Frida Hyvönen

Until Death Comes

BY Cam LindsayPublished Feb 16, 2007

Originally released on the Concretes’ Licking Fingers label last year, this piano playing Swede’s debut further convinces me that her country is the hottest bed in the world for music right now. But that’s about as warm as things get, because Hyvönen’s minimalist turn at the piano for the most part feels more like a Swedish winter than summer. Though not exclusively married to her choice instrument, whenever any others enter the picture it’s as suitable as a racist joke, like with "Come Another Night.” Oddly enough, that song contains the only real flash of optimism over the course of the record, as a bubbly Spector-ified group wonderfully escorts her through the motions. Unfortunately, that’s not her creative purpose, so despite its loveliness the one-off gets lost in her personal remembrance. (Though you have to hope she’ll perk up and try this approach more often.) For the most part, it’s Hyvönen’s lyrical depth and that divine yet dispirited voice that draws you in.
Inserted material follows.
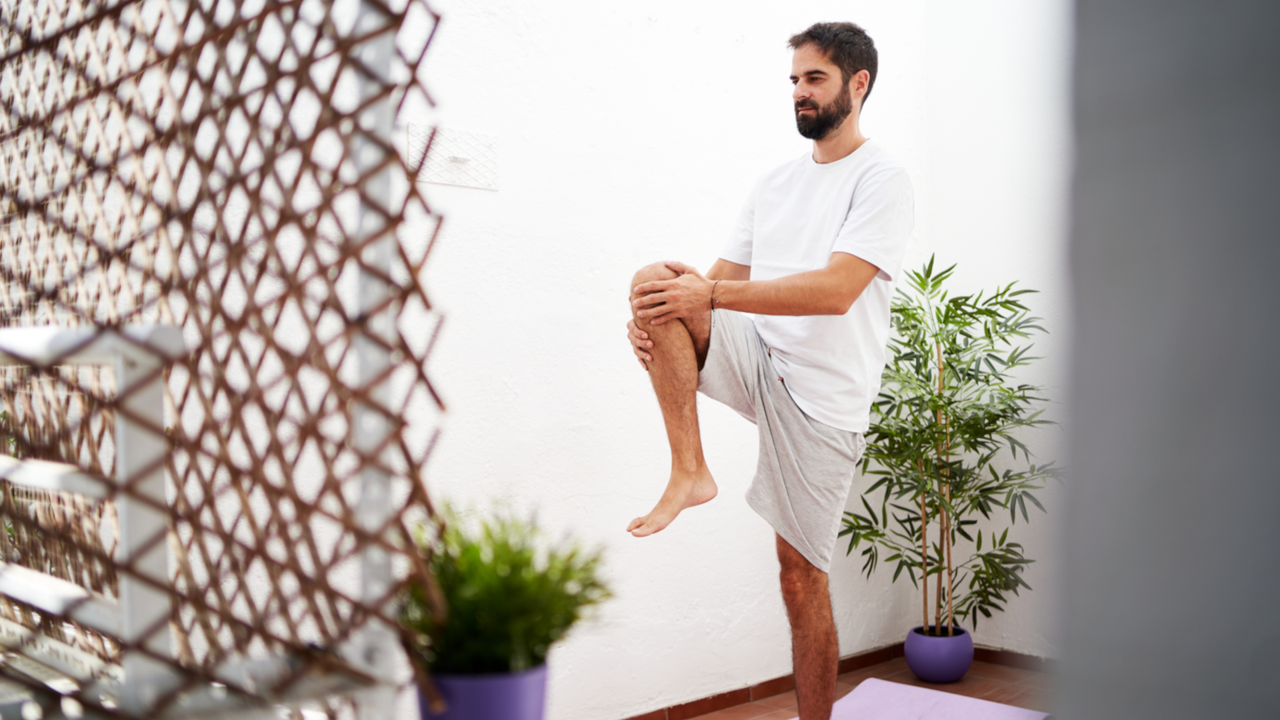 Man performing knee holds in his garden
Her words reveal a need to fill an empty void inside; she paints awkward but intriguing portraits that detail her teenage lust (or lack thereof), physical and emotional insecurities and adorably ambiguous cravings. Until Death Comes shares a melancholy shimmer with countryman and tour mate Jens Lekman. It may lack the orchestral ambitions of her peer, but what she lacks in that department she makes up for with her exquisitely hushed aspirations.